*EXTRACTED DATA*.
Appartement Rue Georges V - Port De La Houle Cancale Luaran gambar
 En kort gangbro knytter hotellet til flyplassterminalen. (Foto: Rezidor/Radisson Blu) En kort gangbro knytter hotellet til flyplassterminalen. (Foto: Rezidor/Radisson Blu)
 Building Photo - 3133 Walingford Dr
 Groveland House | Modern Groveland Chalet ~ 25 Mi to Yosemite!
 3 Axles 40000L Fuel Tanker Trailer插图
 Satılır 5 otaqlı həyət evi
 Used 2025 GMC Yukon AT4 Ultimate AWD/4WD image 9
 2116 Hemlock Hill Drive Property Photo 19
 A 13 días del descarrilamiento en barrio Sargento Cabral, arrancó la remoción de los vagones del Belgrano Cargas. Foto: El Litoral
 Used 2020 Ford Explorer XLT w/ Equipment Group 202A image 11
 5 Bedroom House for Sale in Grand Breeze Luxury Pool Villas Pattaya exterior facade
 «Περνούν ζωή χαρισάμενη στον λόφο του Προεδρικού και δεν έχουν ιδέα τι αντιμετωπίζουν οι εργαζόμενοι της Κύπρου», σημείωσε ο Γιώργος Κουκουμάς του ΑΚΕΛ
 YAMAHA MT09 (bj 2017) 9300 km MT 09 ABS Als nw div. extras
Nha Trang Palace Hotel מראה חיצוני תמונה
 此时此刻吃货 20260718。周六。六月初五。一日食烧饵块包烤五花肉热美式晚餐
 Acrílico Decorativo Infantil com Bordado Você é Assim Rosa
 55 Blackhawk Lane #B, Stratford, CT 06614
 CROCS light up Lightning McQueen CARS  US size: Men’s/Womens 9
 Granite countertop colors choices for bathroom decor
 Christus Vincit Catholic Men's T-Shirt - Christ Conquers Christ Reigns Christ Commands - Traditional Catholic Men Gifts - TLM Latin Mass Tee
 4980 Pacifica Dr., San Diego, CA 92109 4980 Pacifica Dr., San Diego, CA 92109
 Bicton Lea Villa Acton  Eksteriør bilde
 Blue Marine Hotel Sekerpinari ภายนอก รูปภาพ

*ASSIGNMENT*.
The records above are to be copied in full, exactly as written.

*REPLY TO THE TASK*.
Appartement Rue Georges V - Port De La Houle Cancale Luaran gambar
 En kort gangbro knytter hotellet til flyplassterminalen. (Foto: Rezidor/Radisson Blu) En kort gangbro knytter hotellet til flyplassterminalen. (Foto: Rezidor/Radisson Blu)
 Building Photo - 3133 Walingford Dr
 Groveland House | Modern Groveland Chalet ~ 25 Mi to Yosemite!
 3 Axles 40000L Fuel Tanker Trailer插图
 Satılır 5 otaqlı həyət evi
 Used 2025 GMC Yukon AT4 Ultimate AWD/4WD image 9
 2116 Hemlock Hill Drive Property Photo 19
 A 13 días del descarrilamiento en barrio Sargento Cabral, arrancó la remoción de los vagones del Belgrano Cargas. Foto: El Litoral
 Used 2020 Ford Explorer XLT w/ Equipment Group 202A image 11
 5 Bedroom House for Sale in Grand Breeze Luxury Pool Villas Pattaya exterior facade
 «Περνούν ζωή χαρισάμενη στον λόφο του Προεδρικού και δεν έχουν ιδέα τι αντιμετωπίζουν οι εργαζόμενοι της Κύπρου», σημείωσε ο Γιώργος Κουκουμάς του ΑΚΕΛ
 YAMAHA MT09 (bj 2017) 9300 km MT 09 ABS Als nw div. extras
Nha Trang Palace Hotel מראה חיצוני תמונה
 此时此刻吃货 20260718。周六。六月初五。一日食烧饵块包烤五花肉热美式晚餐
 Acrílico Decorativo Infantil com Bordado Você é Assim Rosa
 55 Blackhawk Lane #B, Stratford, CT 06614
 CROCS light up Lightning McQueen CARS  US size: Men’s/Womens 9
 Granite countertop colors choices for bathroom decor
 Christus Vincit Catholic Men's T-Shirt - Christ Conquers Christ Reigns Christ Commands - Traditional Catholic Men Gifts - TLM Latin Mass Tee
 4980 Pacifica Dr., San Diego, CA 92109 4980 Pacifica Dr., San Diego, CA 92109
 Bicton Lea Villa Acton  Eksteriør bilde
 Blue Marine Hotel Sekerpinari ภายนอก รูปภาพ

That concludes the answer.